Commonwealth v. Kimmel

14 Pa. D. & C. 161, 1930 Pa. Dist. & Cnty. Dec. LEXIS 479
CourtCentre County Court of Quarter Sessions
DecidedJanuary 15, 1930
DocketNo. 17
StatusPublished

This text of 14 Pa. D. & C. 161 (Commonwealth v. Kimmel) is published on Counsel Stack Legal Research, covering Centre County Court of Quarter Sessions primary law. Counsel Stack provides free access to over 12 million legal documents including statutes, case law, regulations, and constitutions.

Bluebook
Commonwealth v. Kimmel, 14 Pa. D. & C. 161, 1930 Pa. Dist. & Cnty. Dec. LEXIS 479 (Pa. Super. Ct. 1930).

Opinion

Fleming, P. J.,

The matters before the court are motions by the defendants in arrest of judgment and for a new trial, the defendants having been found guilty of the larceny of an antlerless deer, alleged to have been the property of John E. Bubb.

At the trial, counsel for defendants moved to quash the indictment, assigning numerous reasons therefor, which we shall discuss in this opinion.
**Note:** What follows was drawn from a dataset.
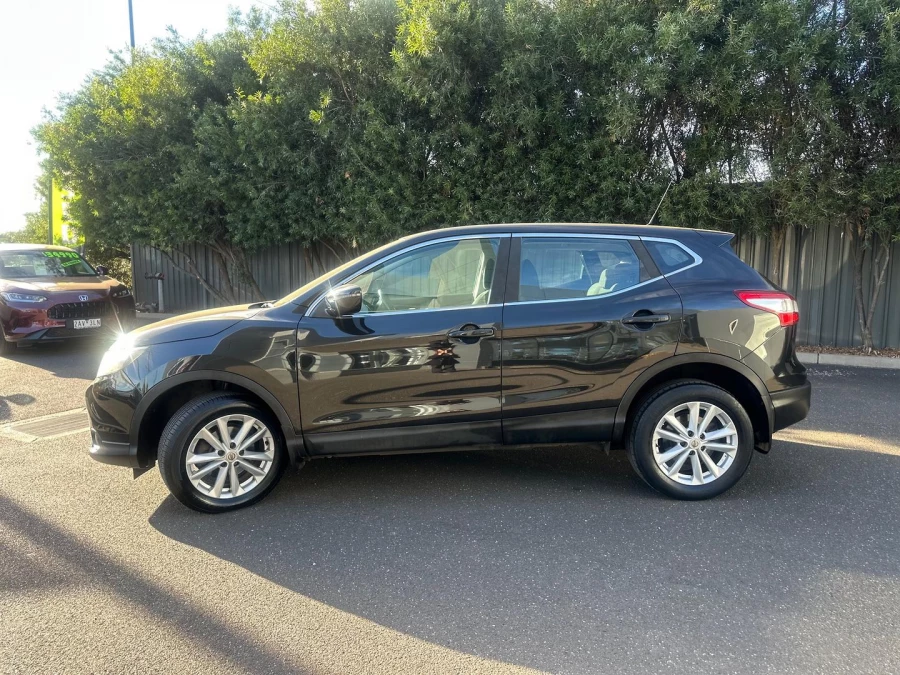 2017 Nissan QASHQAI J11 ST SUV Image 4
For the purposes of the motion to quásh, the Commonwealth admitted that the subject of the alleged larceny, as set forth in the indictment, to wit, one female (doe) deer, belonged to the class of ferse natures or wild animals and also that such indictment was drawn under section 103 of the Act of March 31, 1860, P. L. 382, 408.

The facts, briefly stated, are that the defendants, all of whom are residents of Schuylkill County, were in this county during the so-called “doe deer season of 1928.” All defendants had procured from the county treasurer of this county alleged licenses to kill one antlerless deer not less than fifty pounds in weight between Dec. 1, 1928, and Dec. 15,1928. John E. Bubb, who is a resident of this county, was also the holder of a similar alleged license. On Dec. 3, 1928, Mr. Bubb, hunting alone, had killed a doe deer and had brought it to an empty cabin for safe keeping until he was ready to return home. Later in the day, upon returning for his deer, he found it missing, and after investigation, caused the arrest of the defendants, who it appeared had returned to their home in Schuylkill County on the same day, taking with them several deer, which they contended, at the trial, had been killed by them.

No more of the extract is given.